Par Matthew A. Winkler – Le 22 mars 2015 – Source thesaker.is

Les sanctions destinées à punir la Russie pour avoir arraché la Crimée à l’Ukraine il y a un an étaient censées nuire aux affaires russes. Et c’est le cas. Les actions russes, obligations et matières premières ont connu la pire performance en 2014 de tous les marchés émergents.

C’était avant. Maintenant l’image est en train de changer, avec des investisseurs recommençant à favoriser la Russie en 2015. Le rouble, qui était devenu la monnaie la plus volatile du monde l’an dernier après l’accaparement de la Crimée par le président Vladimir Poutine, se stabilise. Les fluctuations de sa valeur se sont rétrécies cette année, plus que n’importe laquelle des trente autres devises les plus échangées.

Source: Bloomberg

Jusqu’à présent, les investisseurs dans les titres d’État libellés en roubles russes ont gagné l’équivalent de 7 cents sur le dollar (7%) cette année, tel que mesuré par l’indice obligataire local Souverain Bloomberg Russie. En revanche, quiconque détient une dette publique similaire sur les marchés émergents a perdu 1,1% depuis le début de l’année.

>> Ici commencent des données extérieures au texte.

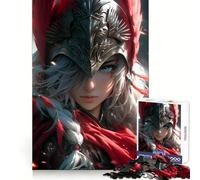 Hermoso Rompecabezas de Valkiria para Adolescentes, 1000 Piezas, Ejercicio cognitivo, Entretenimiento, sin Bordes ásperos, (38x52cm)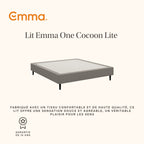 Ebbcc - Bundle - Original Mattress + Cocoon Lite Bed - White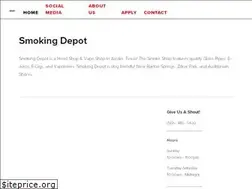 Sites similar to thesmokingdepot.com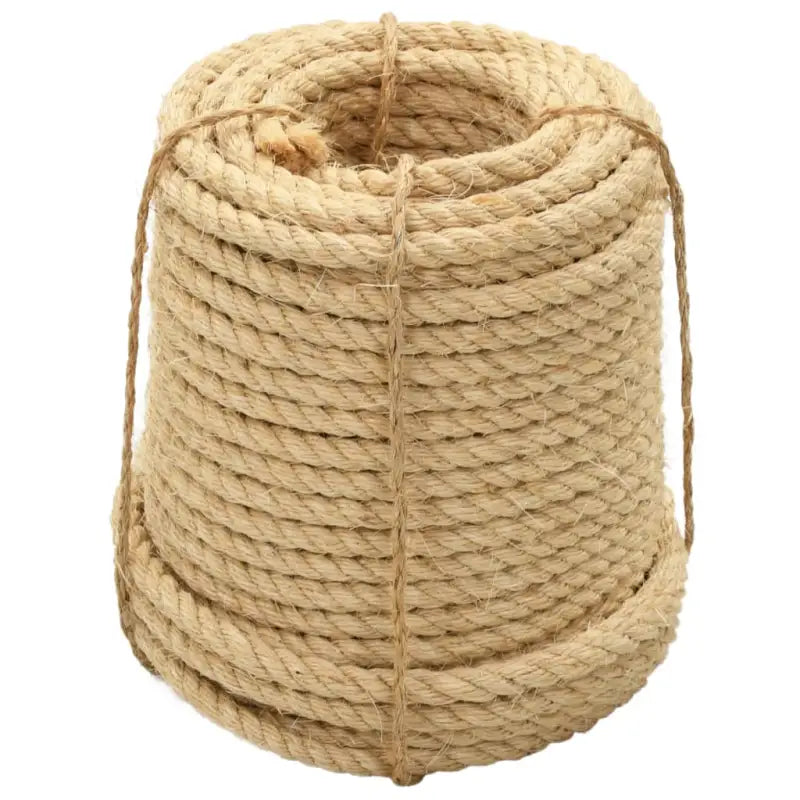 Natuurlijk sisal touw voor huis landbouw en transportgebruik - 1 / 50 m / 20 mm - Touw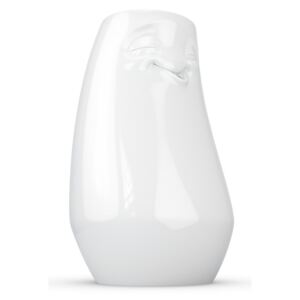 Biały zadowolony wazon 58products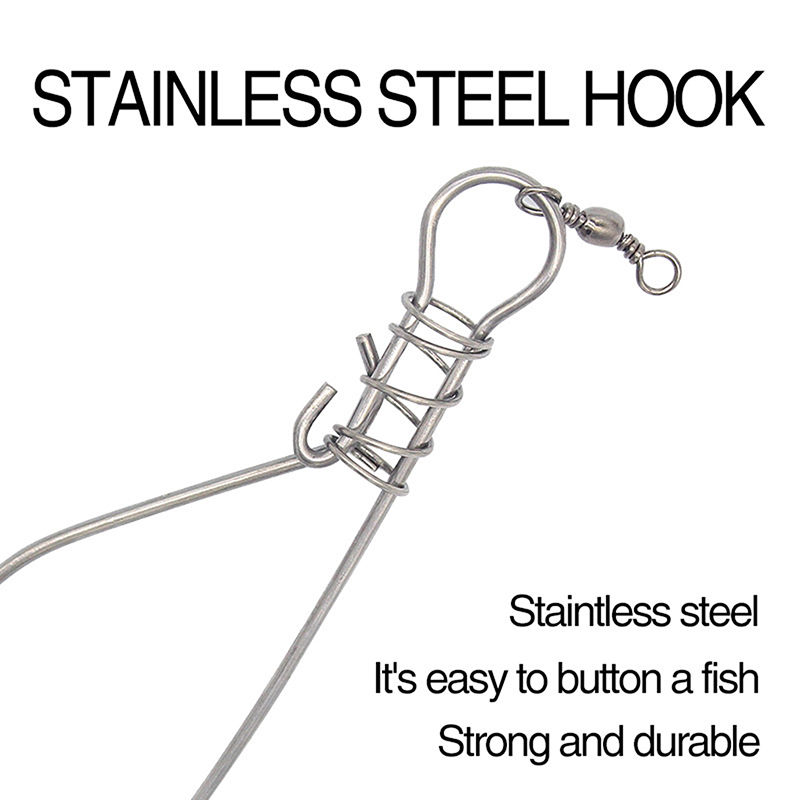 New【Stainless Steel Fishing Lo - đánh giá và giá Fishing Equipment Tools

Le tableau est encore plus rose pour les détenteurs d’obligations d’entreprises privées en Russie; ils ont eu un rendement total de 7,3% depuis le 1er janvier 2015, en tête des gains de l’indice des obligations des sociétés privées des marchés émergents tel que calculé par Bloomberg. Et tandis que les actions des marchés émergents mondiaux mesurés par l’indice MSCI Emerging Market ont gagné 1,7% cette année, les 50 actions russes de l’indice Micex sont en hausse de 11,9% – mieux que le Standard & Poors 500 ou tout autre marché nord-américain.

La valeur relative du rouble aide à comprendre pourquoi il y a des signes de confiance en Russie. Bien que le rouble reste la plus volatile des 31 devises les plus échangées cette année, ses sautes s’amenuisent. Cela est visible dans la volatilité occasionnelle, une mesure des paris des traders sur le changement de la valeur de la monnaie au jour le jour. Après avoir bondi à la fin de 2014 au milieu de la crise en Ukraine, le rouble fluctue maintenant comme en 2009.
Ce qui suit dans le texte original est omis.